Google sheets connection realised by pygsheets Files (csv, xlsx, parquet, xml) input and output realised by pandas functionality.

Note

Note that some dialects may require additional configuration or to have the appropriate drivers or client installed. Please refer to the SQLAlchemy dialects documentation for more information on configuring dialects.

Usage instructions

etl can be accessed from the terminal or console. You can also create shell or batch files that contain ETL commands, which can then be scheduled to run at specific intervals using tools like cron.

Options list

Options scheme
--source

You can setup different kinds of sources, such as a filepath, database connection string, or alias from the config file.

--extract

An optional key for databases that allows you to run a query and get the result. You can pass the query as a string, e.g. select * from table, or as a path to a query file, e.g. sql/query.sql.

--execute

An optional key for databases that is used when you need to run a query without returning a result, e.g. drop table my_table.

--target

You can setup different kinds of targets, such as a filepath, database connection string, or alias from the config file

--load

Used for loading data to a database to identify which table to load the data into.

--config-path

A custom path to the etl.yml config.

--debug

Enables an extended level of logging with more information.

--help

Provides short help about the commands.

Quick examples

Open terminal and try to type commands.

1etl --help
2etl --source input.csv --target output.xlsx
3etl --source input.csv --target 'sqlite:///local.db' --load main.my_table
4etl --source db_alias --extract my-query.sql --target result.xlsx

Use cases

These examples show how to use ‘etl’ in a variety of situations. This will help understand how to integrate your project into their own projects.

  1. Shell command files

Usefull to run and repeat etl commands put it in update.sh file. You can build simple pipelines using etl several times and using files or local database for intermidiate result saving.

update.sh
1#! /bin/bash
2
3etl --source database_a --extract data-1.sql --target local --load main.data_1
4etl --source database_b --extract data-2.sql --target local --load main.data_2
5
6elt --source local --extract 'select * from data_1 t join data_2 d on t.key=d.key' \
7    --target result.xlsx
  1. Internet datasets

For data playing perspective it is easy to recive famous dataset from Internet.

update.sh
1#! /bin/bash
2
3dataset_file='https://raw.githubusercontent.com/mwaskom/seaborn-data/master/titanic.csv'
4etl --source "$dataset_file??sep=," \
5    --target input/titanic.xlsx
  1. Report or dashboard update in google sheets

We can build quick report and dashboards using google sheets. You just need create worbook, share this book to technical email in .google-api.key.json and use etl to upload data to needed sheet. If sheet not exists, etl create it automaticaly. If you will load data several times, etl erase each time values from sheet and insert new data.

update.sh
1#! /bin/bash
2
3etl --source some_db --extract sql/query.sql \
4    --target gsheet --load some-gsheet-workbook!my-sheet
  1. Report or dashboard update in sharepoint or onedrive business excel

Also We can build quick report and dashboards using excel. You have to configure .ms-api-key.yml (you can find details in Configurating chapter) Then you can create worbook and use etl to upload data to needed sheet. If sheet not exists, etl create it automaticaly. If you will load data several times, etl erase each time values from sheet and insert new data.

update.sh
1#! /bin/bash
2
3#workbook='users/john.do@organization.org/drive/root:/report.xlsx:' #onedrive
4workbook='sites/381b6266-d315-4e73-a947-65742ed52999/drive/root:/report.xlsx:' #sharepoint
5
6etl --source some_db --extract sql/query.sql \
7    --target sharepoint --load "$workbook??sheet_name=_query"
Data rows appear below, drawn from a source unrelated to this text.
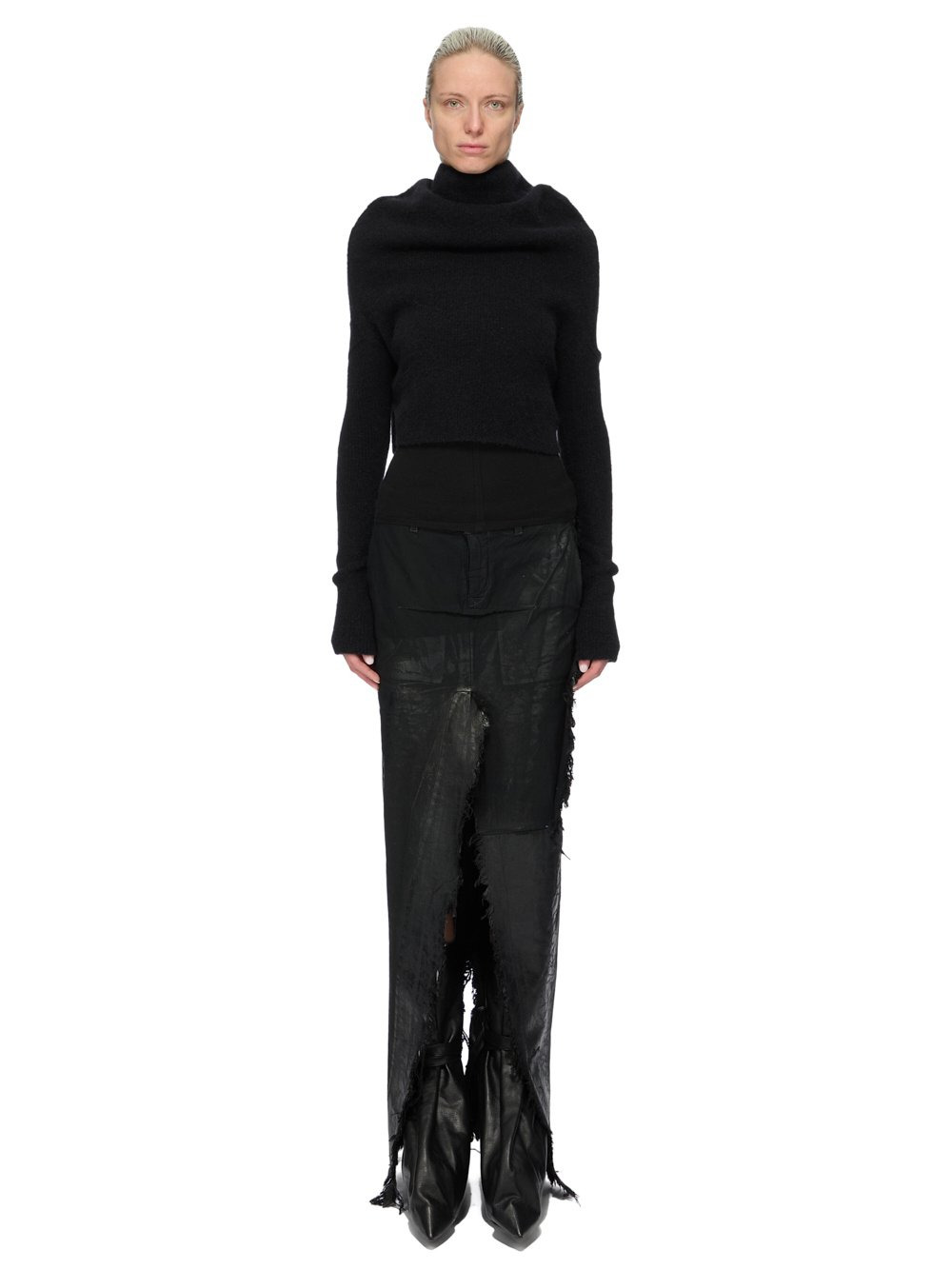 KNITS - 6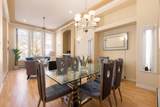 6761 145A Street - Photo 3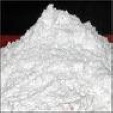 Ephedrine Hydrochloride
You can setup path to excel file with different notations:

  • OneDrive Business : /users/john.do@organizaion.org/drive/root:/Test/Book1.xlsx:

  • Sharepoint Sites: /sites/{site-id}/drive/root:/Sales/Book2.xlsx:

To find site-id you can open url like https://organizaion.sharepoint.com/sites/{site-name}/_api/site/id
  1. Parameters inside sql query

It is possibility to use parameters inside of sql. In sql you should place parameter in python format select * from table where param = {user_sql_parameter} And add option key with name of this custom parameter to update query with value.

update.sh
1#! /bin/bash
2
3etl --source some_db --extract sql/query-template.sql \
4    --user_sql_parameter 123 \
5    --target output/result.xlsx
  1. Avoiding limit with google api

Google api has per-minute quotas, request limit of 300 per minute per project. You can extend this limit using several api keys at the same time. You have to setup one alias name but with different keys files. Each time etl runs will select one of them randomly.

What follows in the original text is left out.